• [PROBLEM STATEMENT]: Once the line holding "Kia Carnival — экстерьер" is found in the entries below, transcribe exactly every line up to and including the one holding "Skundric 2 By Interhome *", but leave out the pictures.

● ● ● ●

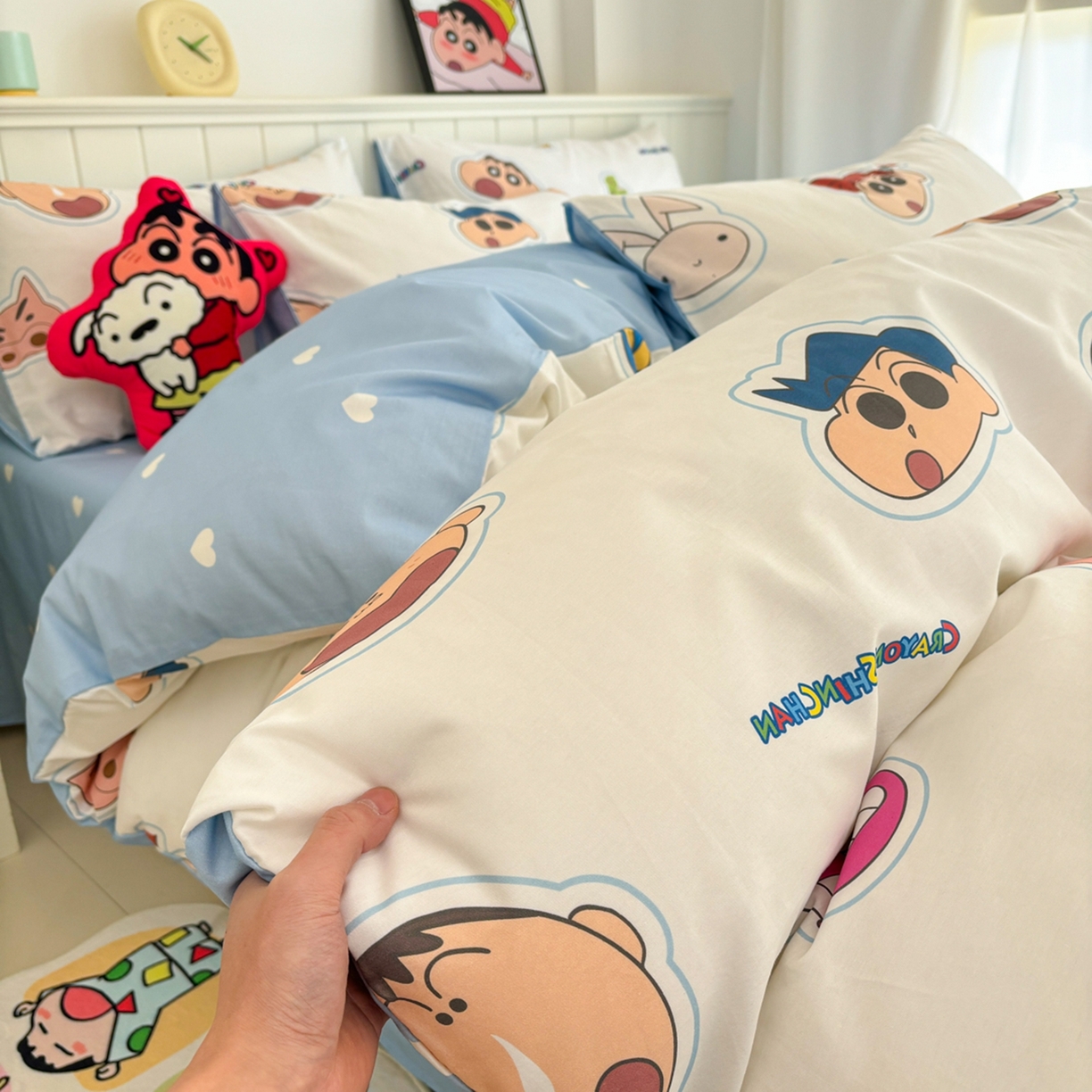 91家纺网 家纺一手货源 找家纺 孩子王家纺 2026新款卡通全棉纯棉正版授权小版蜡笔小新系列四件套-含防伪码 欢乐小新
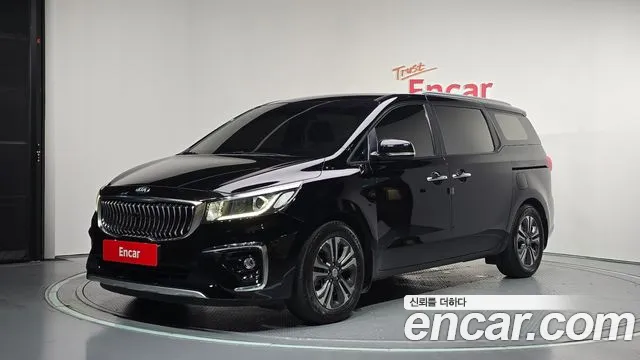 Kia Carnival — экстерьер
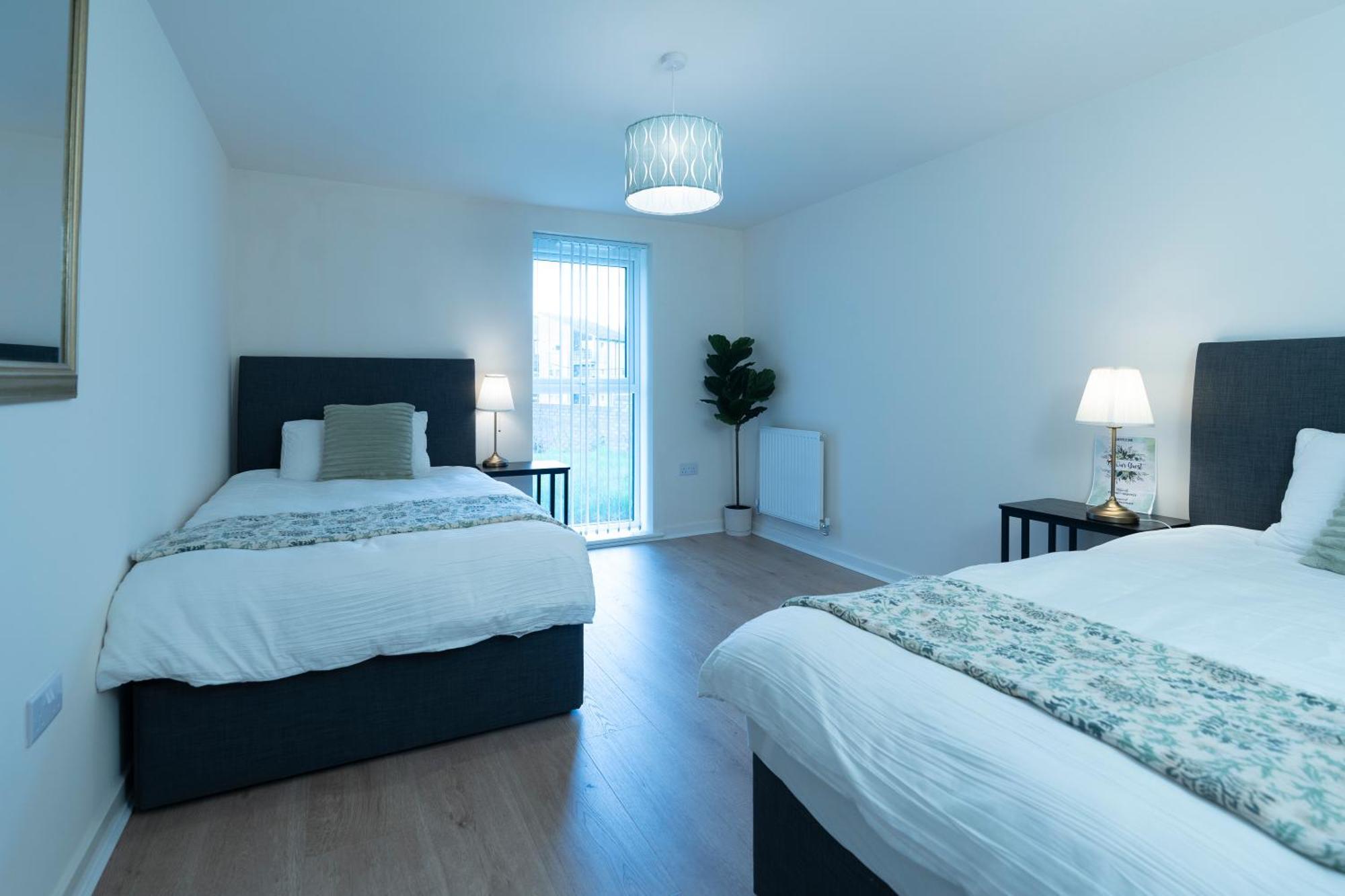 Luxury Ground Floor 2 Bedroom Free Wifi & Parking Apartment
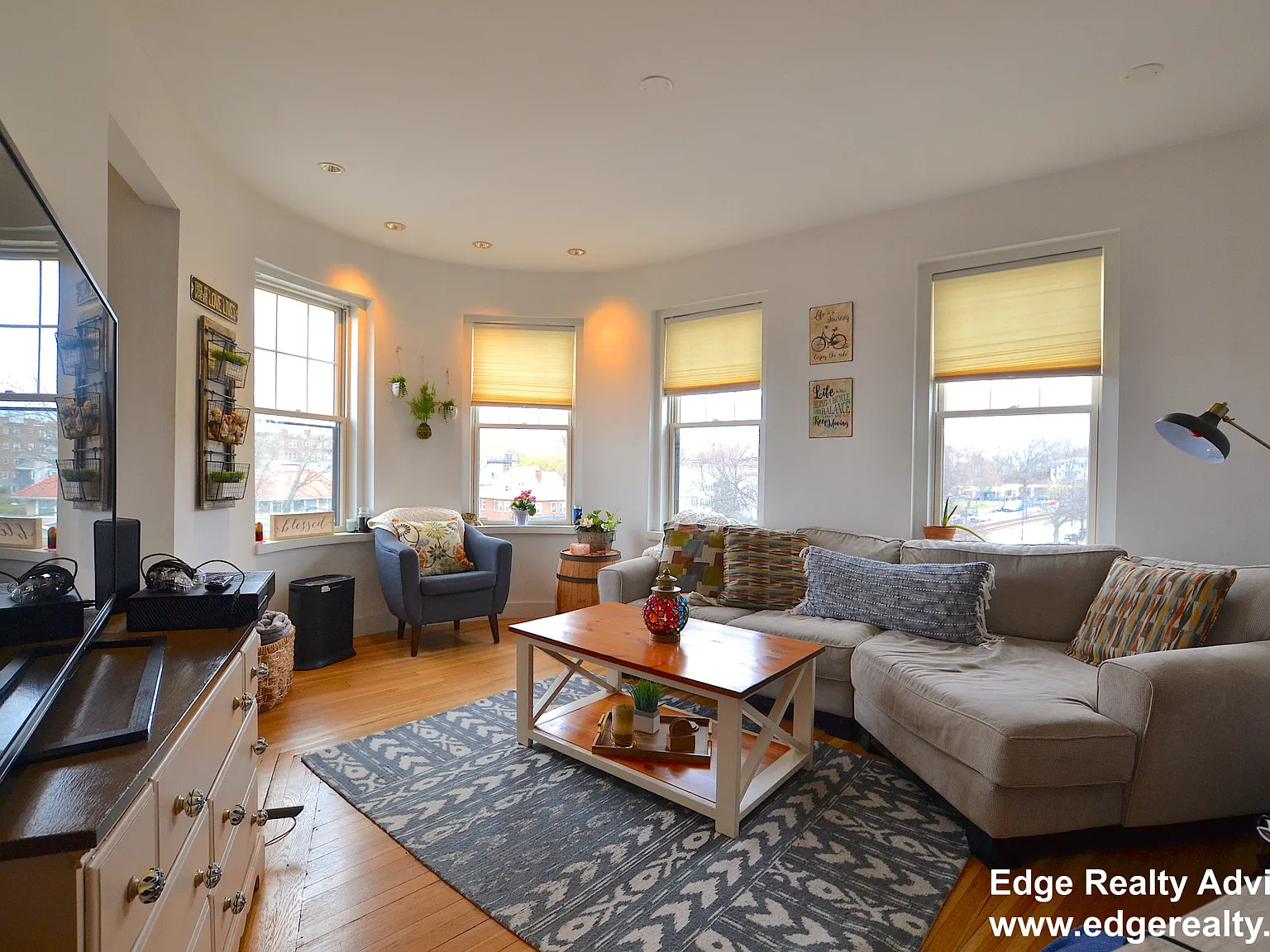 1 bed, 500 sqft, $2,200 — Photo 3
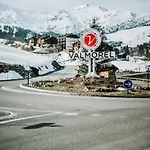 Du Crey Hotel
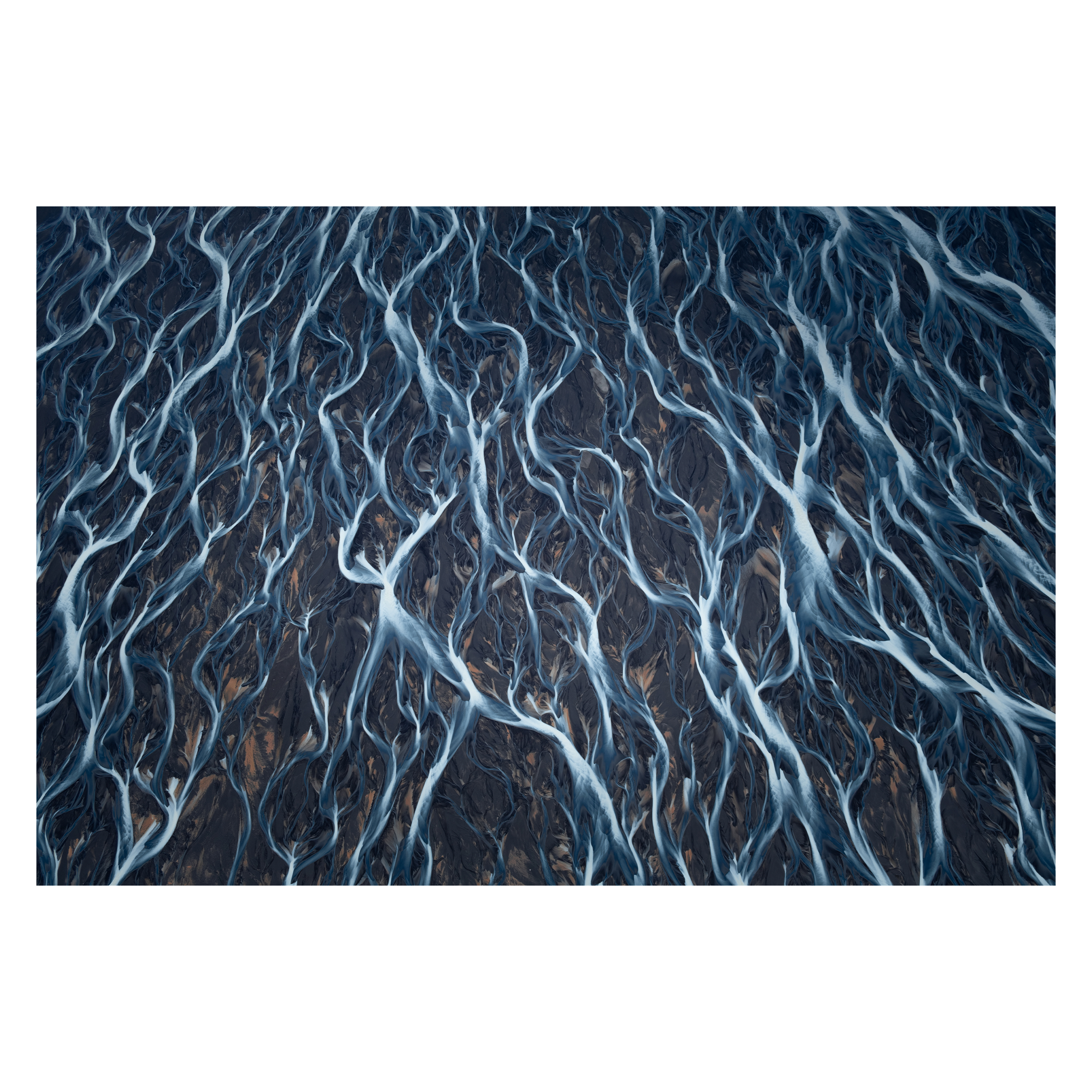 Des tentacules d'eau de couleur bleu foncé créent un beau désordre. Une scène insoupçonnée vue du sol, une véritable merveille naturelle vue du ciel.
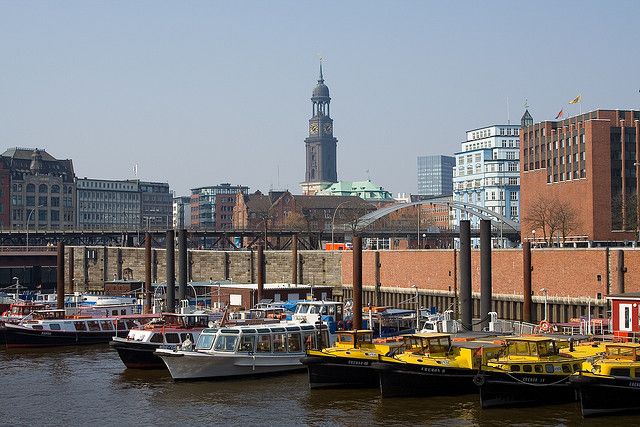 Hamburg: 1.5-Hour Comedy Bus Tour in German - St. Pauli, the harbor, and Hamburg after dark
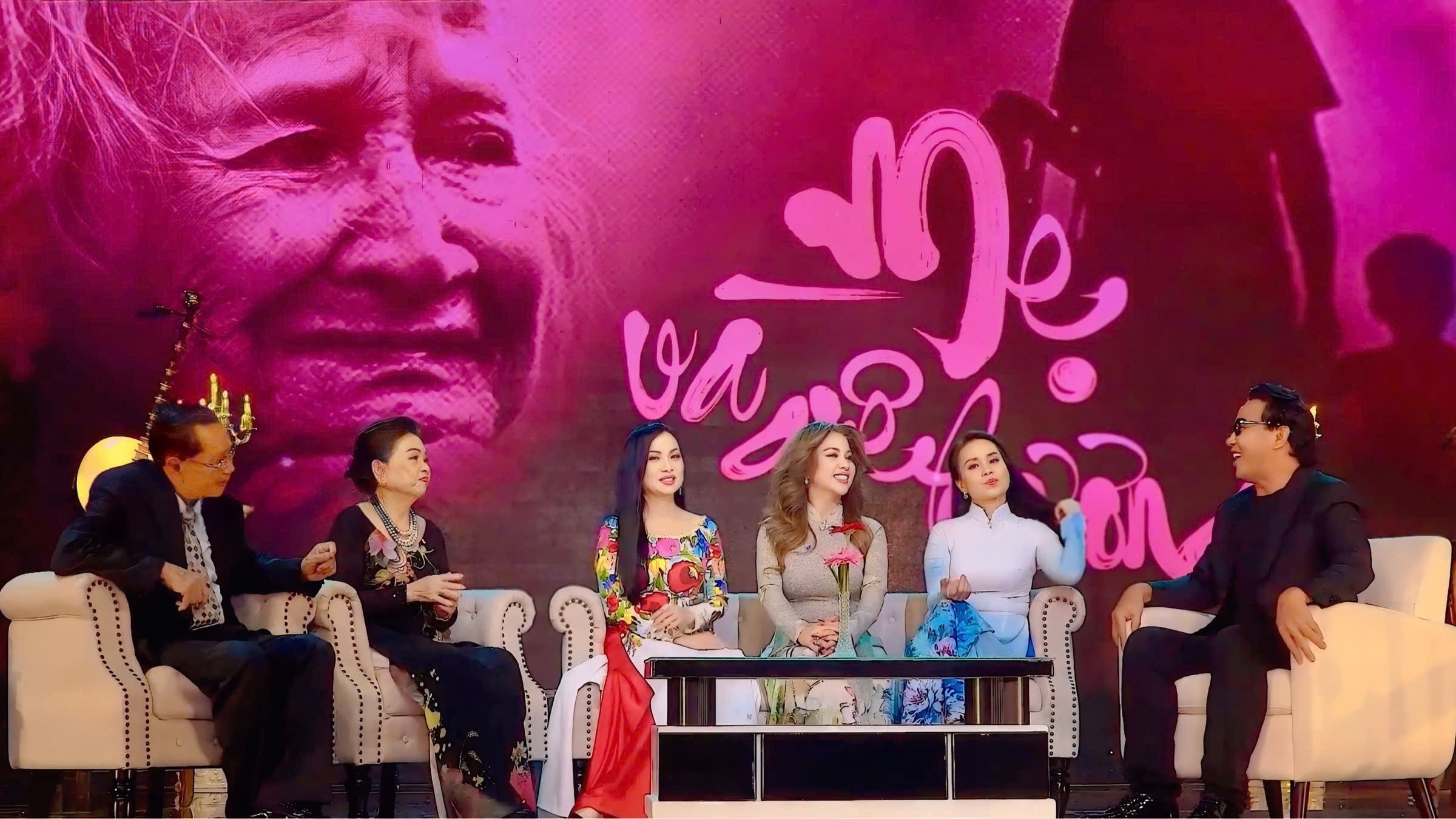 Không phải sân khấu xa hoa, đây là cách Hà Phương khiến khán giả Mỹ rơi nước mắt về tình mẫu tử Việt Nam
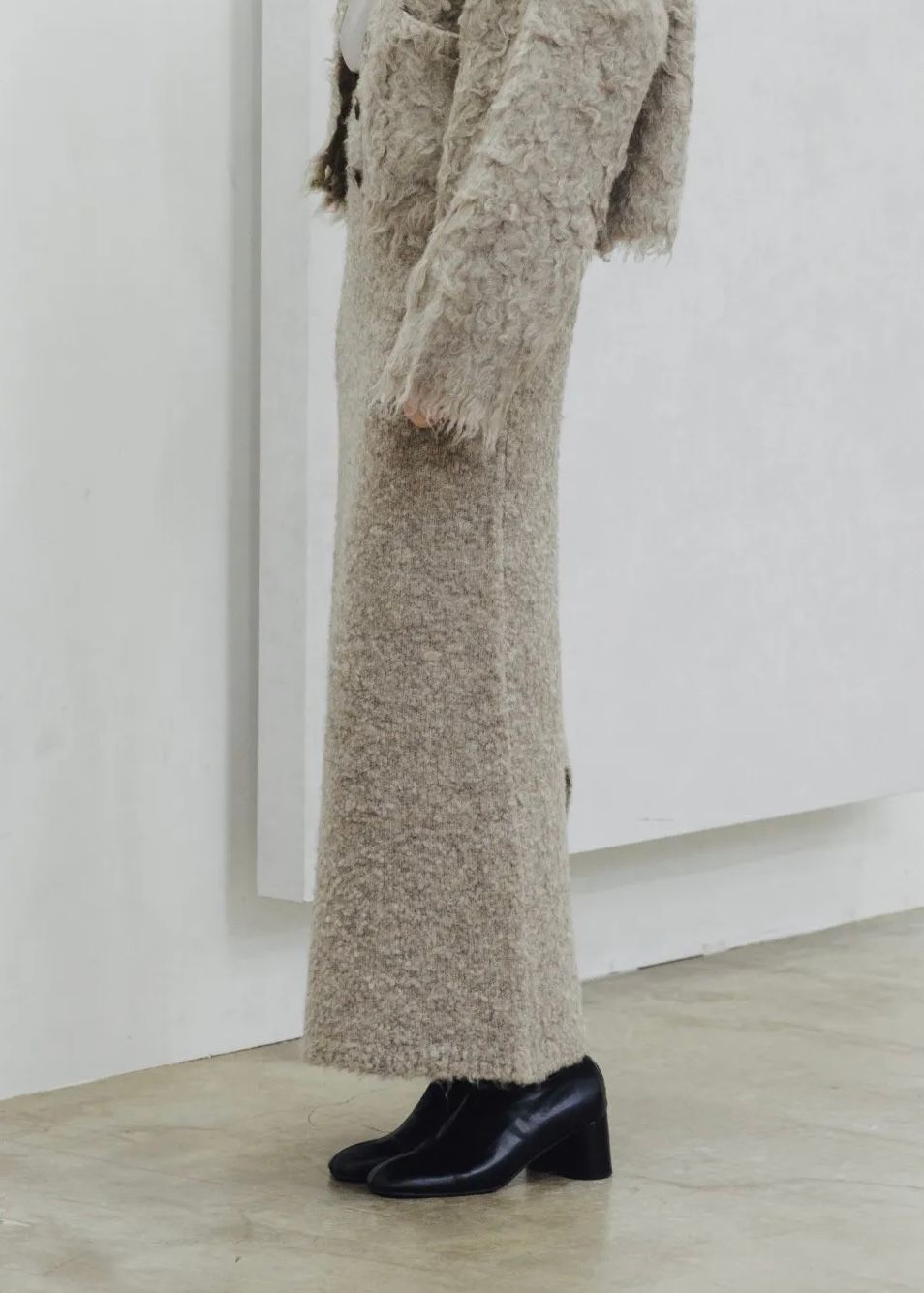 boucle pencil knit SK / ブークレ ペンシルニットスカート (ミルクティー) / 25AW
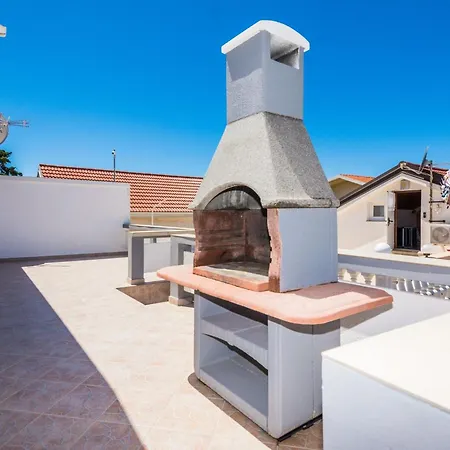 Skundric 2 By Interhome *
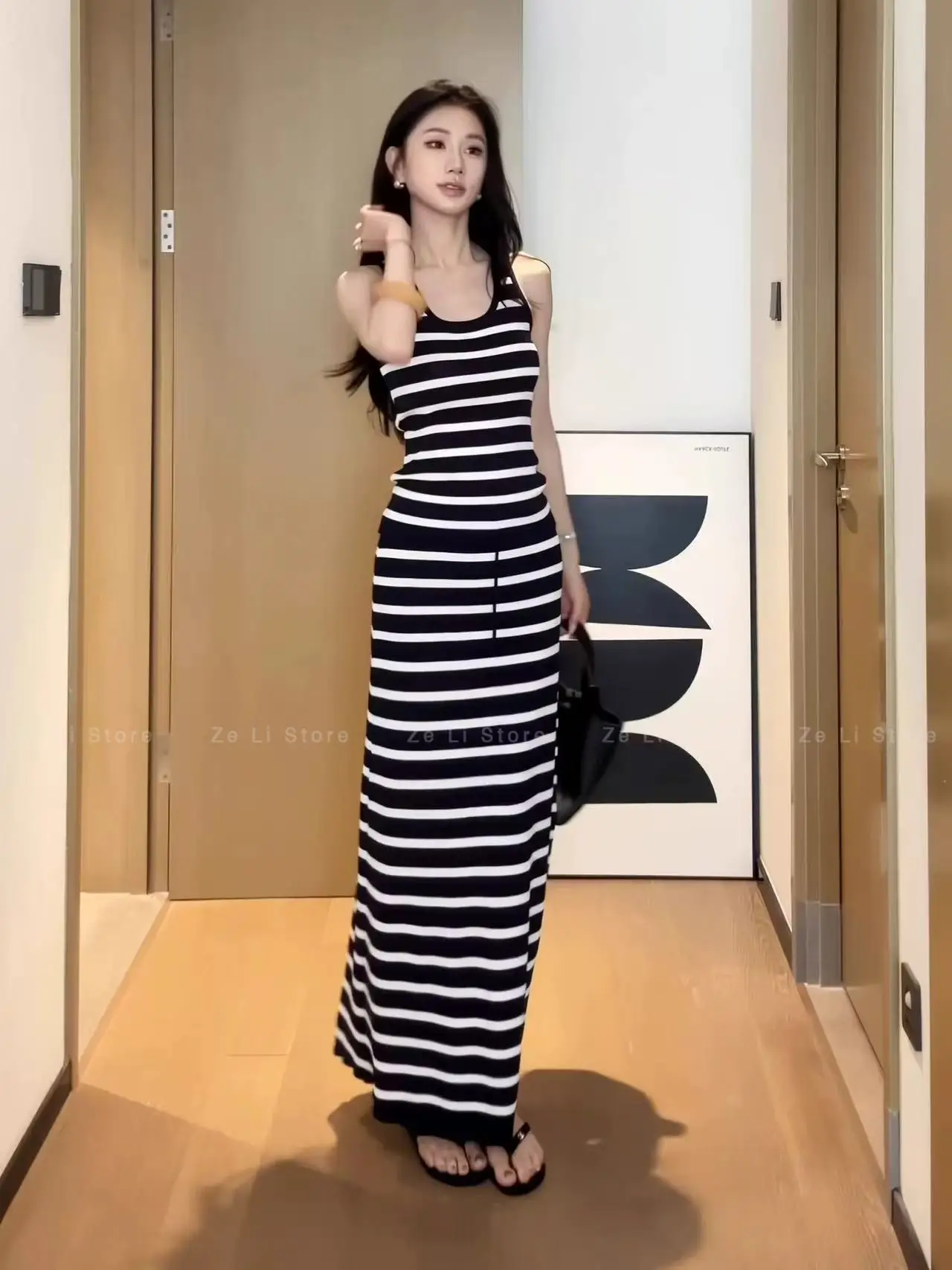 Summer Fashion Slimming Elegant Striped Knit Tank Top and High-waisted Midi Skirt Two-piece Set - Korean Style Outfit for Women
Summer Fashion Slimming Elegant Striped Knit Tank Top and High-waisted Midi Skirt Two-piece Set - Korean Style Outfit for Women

● ● ● ●

• [RESPONSE AREA]:
 Kia Carnival — экстерьер
 Luxury Ground Floor 2 Bedroom Free Wifi & Parking Apartment
 1 bed, 500 sqft, $2,200 — Photo 3
 Du Crey Hotel
 Des tentacules d'eau de couleur bleu foncé créent un beau désordre. Une scène insoupçonnée vue du sol, une véritable merveille naturelle vue du ciel.
 Hamburg: 1.5-Hour Comedy Bus Tour in German - St. Pauli, the harbor, and Hamburg after dark
 Không phải sân khấu xa hoa, đây là cách Hà Phương khiến khán giả Mỹ rơi nước mắt về tình mẫu tử Việt Nam
 boucle pencil knit SK / ブークレ ペンシルニットスカート (ミルクティー) / 25AW
 Skundric 2 By Interhome *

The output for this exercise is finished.